Interactive Advertising Bureau
25 June 2020

IAB Europe Comments On The Ruling Of The French Conseil d’Etat

IAB Europe has taken note of last week’s decision by the Conseil d’État, France’s highest court for cases involving public administration, on whether the French Data Protection Authority, the CNIL, exceeded its statutory authority by adopting certain provisions in its Guidelines on cookies and other trackers last year. The legality of the Guidelines was challenged before the Conseil d’Etat by an interprofessional group of French associations (known as the “Interpro”), including IAB France.

The highest French court ruled the French DPA guidelines went beyond their remit by prohibiting cookie walls - a practice whereby website publishers may block access to internet users if they reject cookies. They pointed out the CNIL had “exceeded what it could legally do” by means of a soft law instrument such as the Guidelines. In all other respects, the court found that the CNIL had acted within its authority.

We note that the ruling is yet another reminder that the substantive issue of whether the EU’s General Data Protection Regulation (GDPR) actually grants users unlimited access to valuable online content and services at no cost in a way that would be anathema in the offline world,  needs to be resolved in a way that aligns to fundamental notions that underpin our social market economies, including property rights.

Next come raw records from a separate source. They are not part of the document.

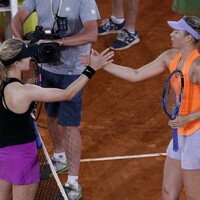 Bouchard beats 'cheater' Sharapova in intense Madrid encounter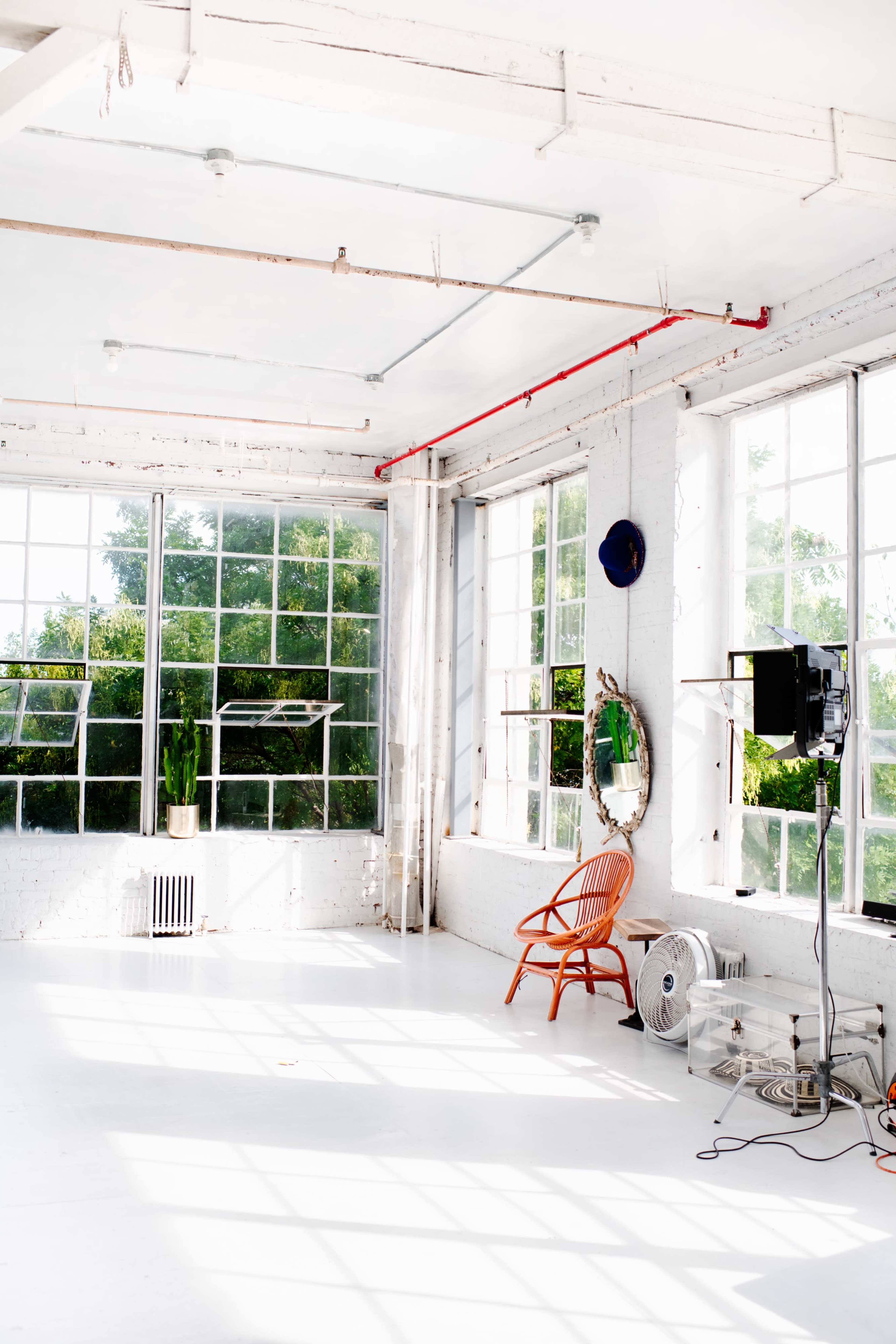 A spacious, well-lit studio with large windows, a single wooden chair, a fan, and a wall mirror.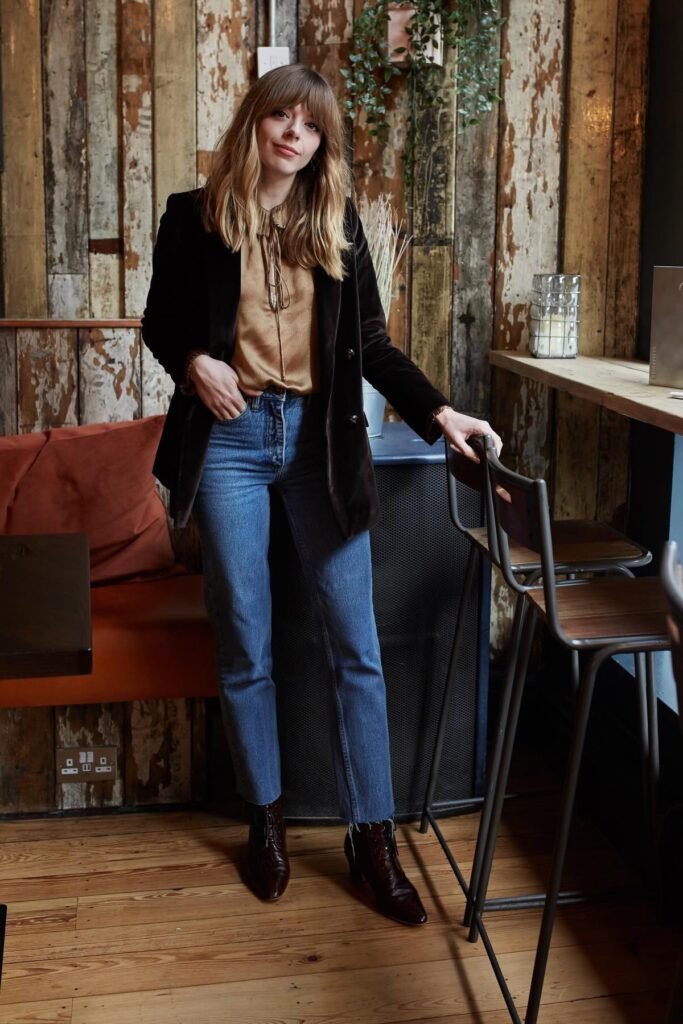 Brown Velvet Blazer + Gold Silk Blouse + Blue Straight-leg Jeans + Dark Brown Boots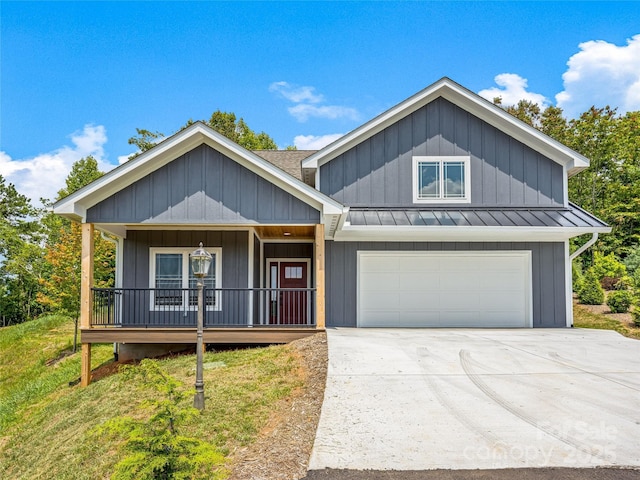 297 Bethany Dr, Mars Hill, NC 28754 - view of front of home featuring a standing seam roof, a garage, driveway, a metal roof, and covered porch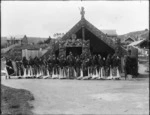 Outside Te Rauru meeting house at Whakarewarewa village, with Maori women performing an action song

We believe it was not the intention of the European legislator to deprive publishers of their rights to property or users of the prerogative to decide which services they pay for with money and which they wish to access in exchange for a willingness to see advertising, with all of the transparency and control that both the GDPR and the ePrivacy Directive afford them, especially when operationalised by means of tools such as IAB Europe’s Transparency and Consent Framework (TCF). A definition of valid consent that makes it impossible for publishers to incentivise users to grant consent (i.e. because users can just access content for free anyway) will simply eliminate advertising as an available revenue stream for digital media, diminishing the breadth and depth of the online content and services they can choose from and putting access to information behind a paywall.

Last week’s ruling is a reminder that there is still an opportunity to affirm a reasonable interpretation on an issue that is of critical importance for both companies and citizens.  IAB Europe stands ready to engage with the CNIL, other DPAs, and indeed the European Commission and European Parliament to develop and codify such an interpretation.